## Information shown

- - -

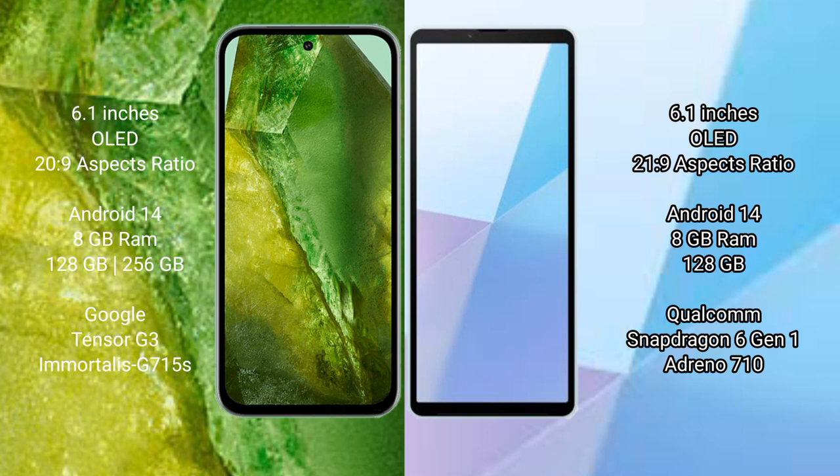The Google Pixel 8a comes with 8GB of RAM and 128GB or 256GB of internal storage, powered by the Google Tensor G3 processor with an Adreno 715 GPU.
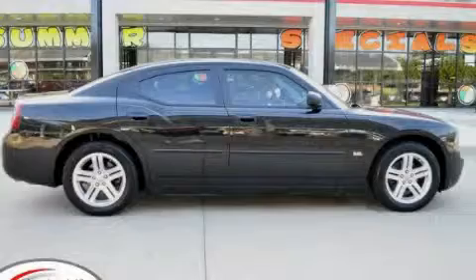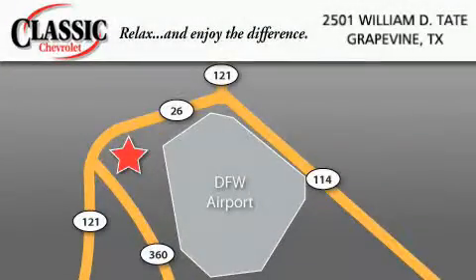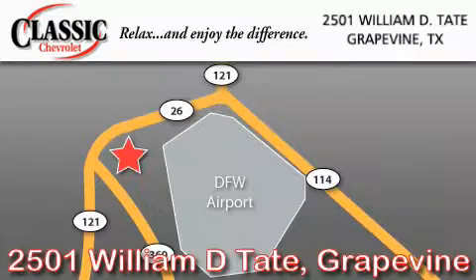Stop by today and test drive this automobile for yourself. Classic Chevrolet is located at 2501 William D. Tate in Grapevine. Our goal is to exceed all of your expectations to ensure that you'll return for future visits.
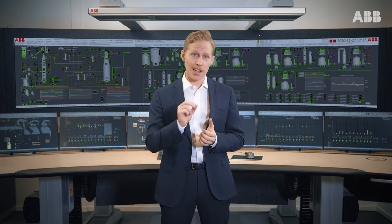Please don't hesitate to reach out to your local ABB representative with any control room related questions. Early involvement will increase the value of your investment.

- - -

## What is being asked
All that's required is the material above repeated exactly, minus any picture.

## Solution for this task
The Google Pixel 8a comes with 8GB of RAM and 128GB or 256GB of internal storage, powered by the Google Tensor G3 processor with an Adreno 715 GPU.
Stop by today and test drive this automobile for yourself. Classic Chevrolet is located at 2501 William D. Tate in Grapevine. Our goal is to exceed all of your expectations to ensure that you'll return for future visits.
Please don't hesitate to reach out to your local ABB representative with any control room related questions. Early involvement will increase the value of your investment.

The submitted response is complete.